Para tanto delimitamos questões que norteiam o estudo: - Que fatores
condicionaram os enfermeiros a ocupar cargos administrativos na FMS? - Qual a
contribuição da liderança do enfermeiro na FMS ao exercer suas atividades
gerenciais?
Para responder estas questões, formulamos os objetivos: Identificar os fatores
que influenciaram na indicação de enfermeiros para cargos de alta administração
na FMS; Identificar a contribuição da liderança do enfermeiro no processo
decisório em saúde.
2. REFERENCIAL TEÓRICO METODOLÓGICO
Escolheu-se a análise institucional (AI) como método de pesquisa porque "a
análise institucional sempre busca, atrás da unidade, as divisões,
desigualdades e, até opressões que as referenciam. A astúcia do dominante foi
sempre, na história, ensinar ao dominado a unidade com ele. O paradoxo da
libertação está na necessidade do dominado se unir com os que, numa certa área,
os dominam. A dialética está na união e na luta contra os próprios aliados"(5).
Descrevemos conceitos da AI, socioanálise, tendência Lourau/Lapassad que
orientaram a interpretação e discussão dos dados produzidos: 1) A organização é
entendida como sendo formas materiais que compreendem desde um grande complexo
organizacional(4), como a FMS, até hospitais, unidades básicas de saúde e
setores do nível central componentes da estrutura da Fundação. Tais formas
efetivam, concretizam as instituições pois, elas "não teriam vida, realidade
social se não fossem as organizações, assim como as organizações não teriam
sentido, objetivo, se não fossem formadas pelas instituições"(4); 2)

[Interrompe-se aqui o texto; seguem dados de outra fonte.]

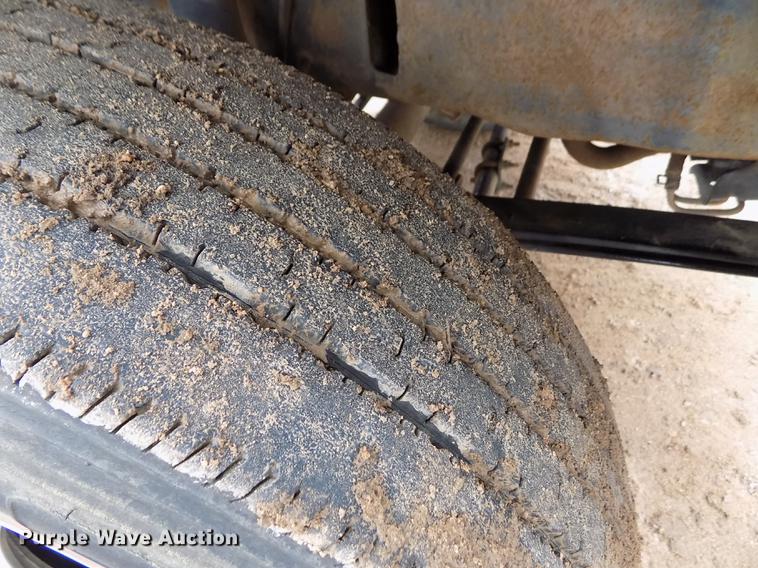 image for item DF2907 2003 Ford F450 Super Duty XL dump truck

Instituição, é um conjunto de formas e estruturas sociais instituídas pela lei
e pelo costume, "a instituição regula nossas relações, preexiste e se impõe a
nós, ela se inscreve na permanência. Cada instituição é dotada de uma
finalidade que a identifica e a distingue, e as funções que lhe são atribuídas
se ordenam"(6).Nesta pesquisa, a instituição é vista como a possibilidade de
transformação, de mudança no exercício profissional quanto à liderança do
enfermeiro na área da saúde.
A instituição(7)é teorizada como um conceito semântico e como um processo com
três momentos: o instituído, o instituinte e a instituciona-lização. Nesta
pesquisa, entende-se como sendo o momento instituído o que foi criado no
imaginário social o fato de aos enfermeiros, considerando a Lei do Exercício
Profissional de 1986, ser cargo privativo destes a direção de serviços de
enfermagem, e a direção de serviços de saúde ser historicamente cargo privativo
do médico. Considera-se instituinte o novo, o que foi criado o momento em que o
enfermeiro passa a dirigir serviços de saúde, atendendo a uma nova demanda no
mercado de trabalho em saúde, onde a competência técnico-administrativa do
enfermeiro é reconhecida e valorizada pelos gestores municipais de saúde,
levando este profissional a assumir cargos de alta administração dentro da
Fundação Municipal de Saúde.
A institucionalização, ou seja, o momento onde o instituinte muda, e se
transforma em um novo instituído. É o momento que o enfermeiro assume cargos de
gerentes de saúde após a implantação da FMS no município de Niterói, em 1990.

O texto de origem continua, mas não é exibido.